Jacob Petit Porcelain Tulip Vases, ca. 1845
They belonged to my great-grandmother. I own the home that my paternal grandparents built. And I inherited a lot of the furniture and the items, and my great-grandmother and my grandmother were avid collectors of Vieux Paris, Old Paris. And these little vases always sat in the master bedroom on my grandmother's dresser. They date back to probably in the neighborhood of the 1850s to the 1860s. And they were purchased by my great-grandfather in New Orleans and they're still sitting on the dresser in the master bedroom.
Okay, they're really interestingly modeled as tulips. In the 19th century, especially the early 19th century, there was kind of a craze for vases in the shape of tulips. They were popular not only in France but also very popular in England and were made by a number of different companies, including some of the Staffordshire potteries as well as the fine china companies like Spode.
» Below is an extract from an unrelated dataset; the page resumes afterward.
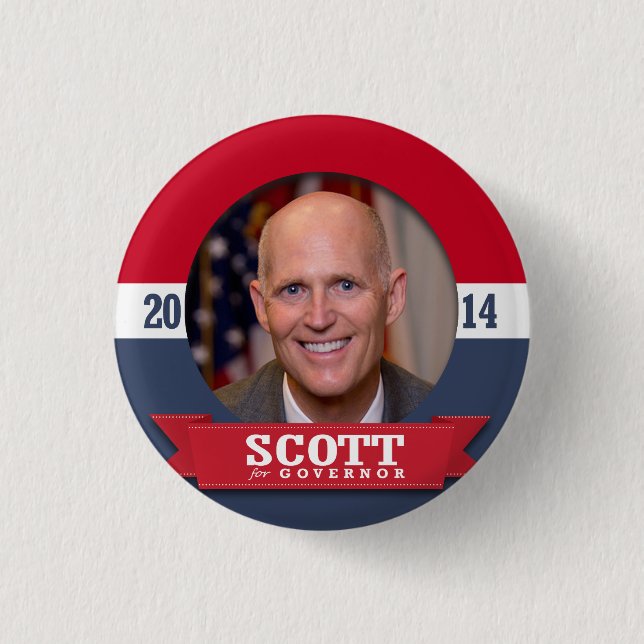 CHAPA REDONDA DE 2,5 CM CAMPAÑA RICK SCOTT (Anverso)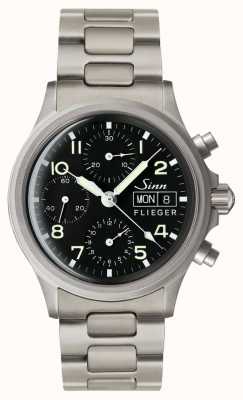 Sinn 356 pilot traditionele chronograaf (engelse datum) metalen armband 356.022 TWO LINK BRACELET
One thing that's interesting about this pair is they're two different colors. Normally you would expect a pair of vases to be exactly the same color. They're a little bit crudely modeled. They're well painted, but the English pieces at the same time period would be much more crisply modeled and even more well painted, but I don't think it's a huge issue. You are correct in that they could be called Vieux Paris porcelains, which is sometimes also referred to as Old Paris porcelain, Paris porcelain. And what that term means is that they were made in or around Paris, usually considered the first half through the third quarter of the 19th century. It's a generic term used because usually we don't know what factory made them. But in this case, we do know who made them because they're marked on the bottom with the mark of the manufacturer. On the bottom is a "J" and a "P" in blue, and they're both marked. And that's the mark of a company named Jacob Petit, who is a well-respected manufacturer of Vieux Paris porcelain. There is a huge, deep, three-arm crack in the bottom of the vase. And that is a manufacturer flaw that happened in the firing. Generally, a manufacturer's flaw that does not visually detract, especially if it's on the bottom, has no effect whatsoever on the value. They're usually attributed to the 1840s. French porcelain have been especially popular in the American South, especially prior to the Civil War. They're still very popular with collectors. This pair would probably sell, in a retail situation, between $1,500 and $2,500. They have a really nice value.
Well, I hope that they can remain on the same dresser for many, many, many years.